Data extracted from a collection
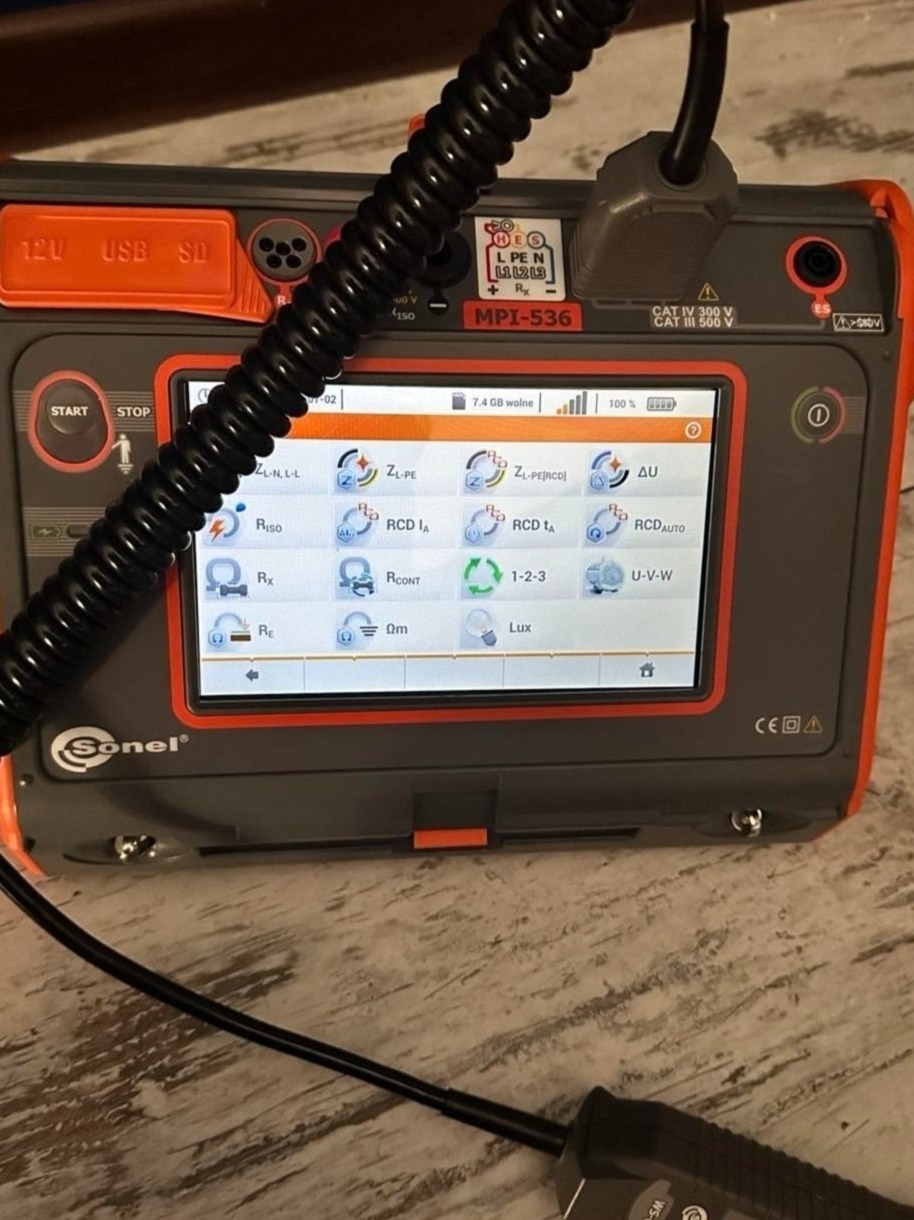 Miernik elektryczny Sonel MPI-536 z wyświetlaczem pokazującym różne opcje pomiarowe, kabel pomiarowy podłączony, widoczne gniazda USB i SD.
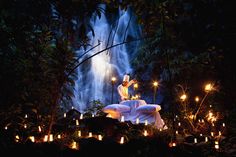 the statue is surrounded by candles and lights in front of a waterfall with water cascading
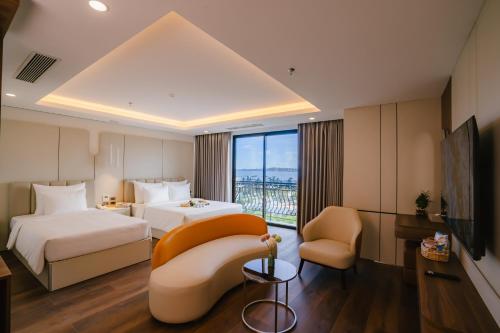 um quarto de hotel com duas camas e um sofá em Danitel Halong em Ha Long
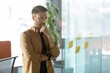© Prostock-studio - Focused Male Professional With Light Skin Tone, Standing In Modern Office While Thinking Deeply About Strategy And Plans. Setting With Glass Wall And Stick Notes. Business Concept.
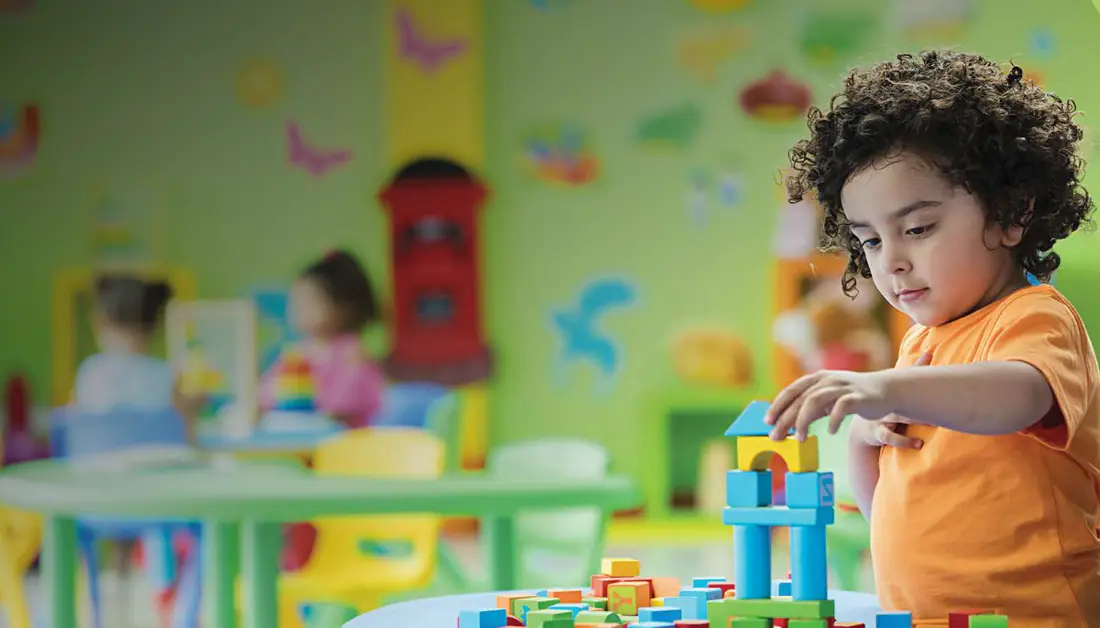 Child playing with building blocks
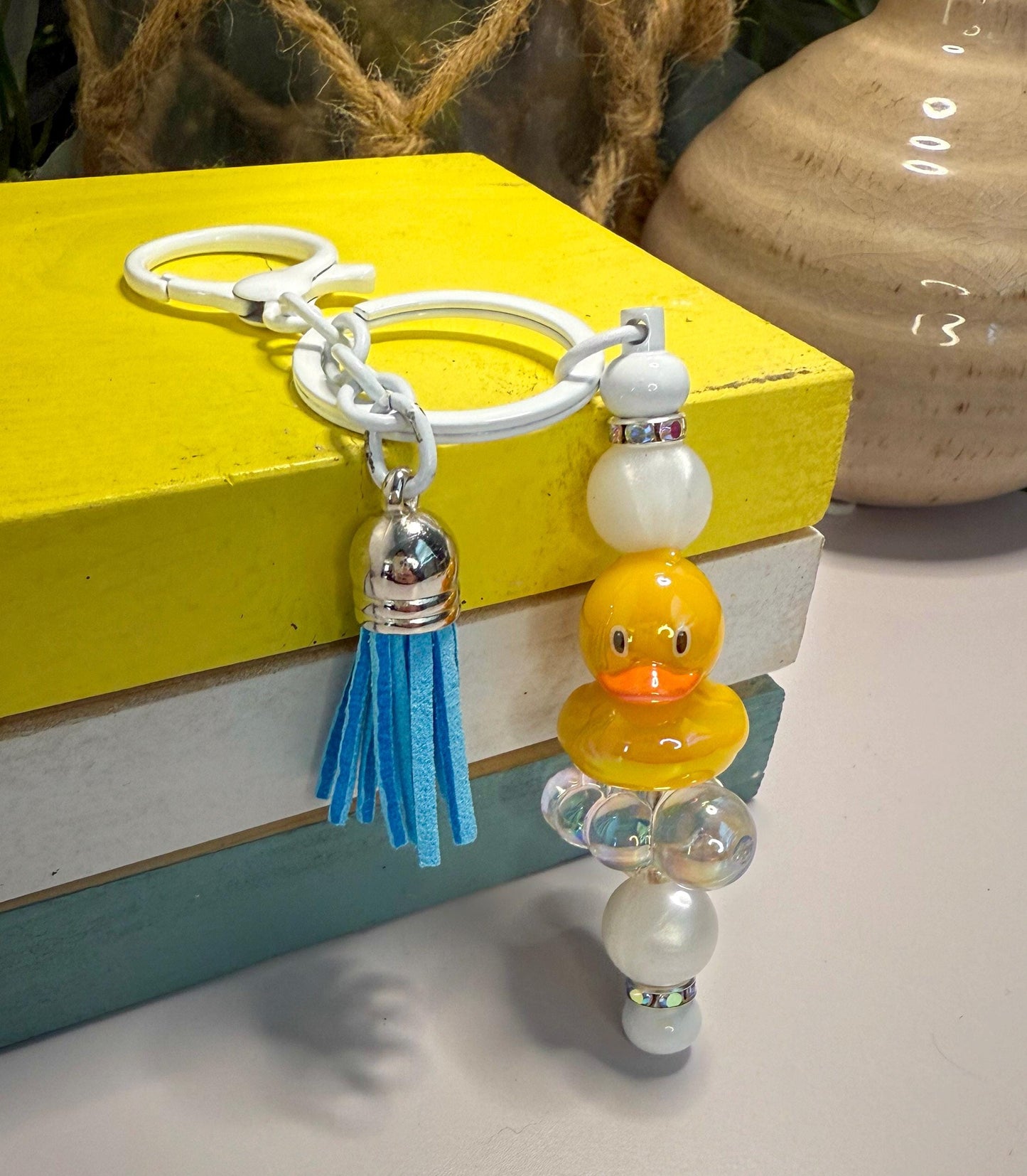 A keychain with a yellow duck charm and a blue tassel is displayed on top of a stack of books.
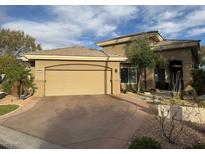 Single-story home featuring desert landscaping and a two car garage at 512 Pima Canyon Ct, Las Vegas, NV 89144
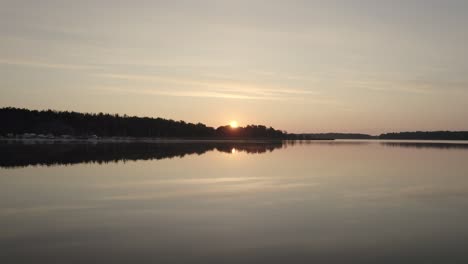 Sun-setting-down-on-the-horizon-water-reflection,-Sweden-natural-landscape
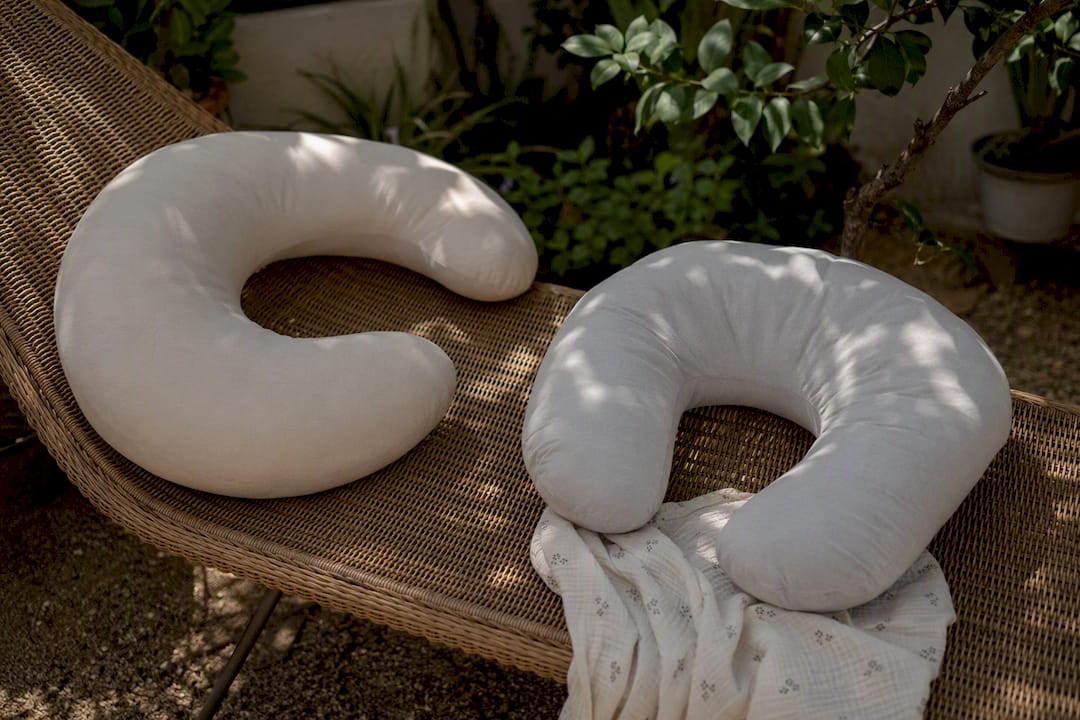 C and U shaped feeding pillows on chair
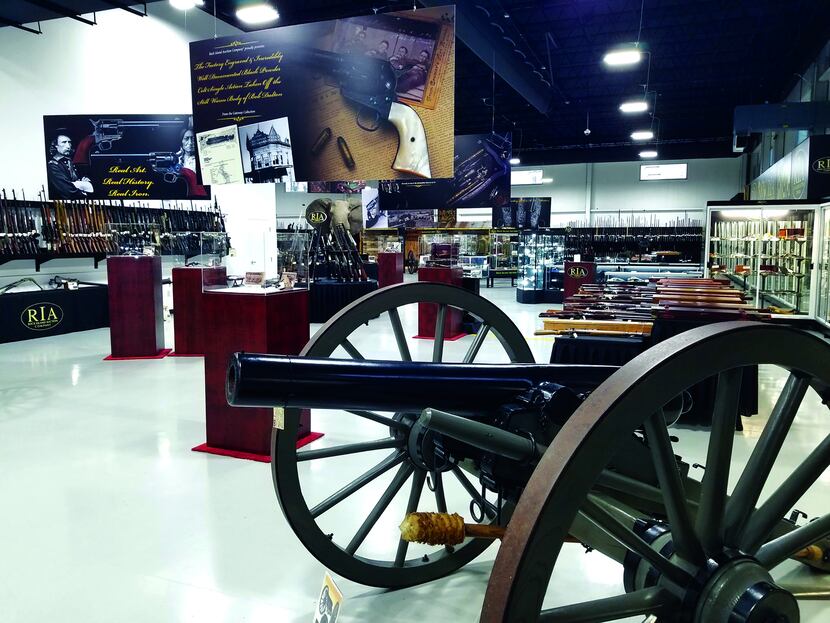 Workers from Rock Island Auction Co. auction firearms and collectibles at the company's...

*TASK DESCRIPTION*: Leave the pictures out and repeat exactly the lines from the beginning of the records to the line bearing "C and U shaped feeding pillows on chair", both ends counted.

*EXERCISE OUTPUT*:
 Miernik elektryczny Sonel MPI-536 z wyświetlaczem pokazującym różne opcje pomiarowe, kabel pomiarowy podłączony, widoczne gniazda USB i SD.
 the statue is surrounded by candles and lights in front of a waterfall with water cascading
 um quarto de hotel com duas camas e um sofá em Danitel Halong em Ha Long
© Prostock-studio - Focused Male Professional With Light Skin Tone, Standing In Modern Office While Thinking Deeply About Strategy And Plans. Setting With Glass Wall And Stick Notes. Business Concept.
 Child playing with building blocks
 A keychain with a yellow duck charm and a blue tassel is displayed on top of a stack of books.
 Single-story home featuring desert landscaping and a two car garage at 512 Pima Canyon Ct, Las Vegas, NV 89144
 Sun-setting-down-on-the-horizon-water-reflection,-Sweden-natural-landscape
 C and U shaped feeding pillows on chair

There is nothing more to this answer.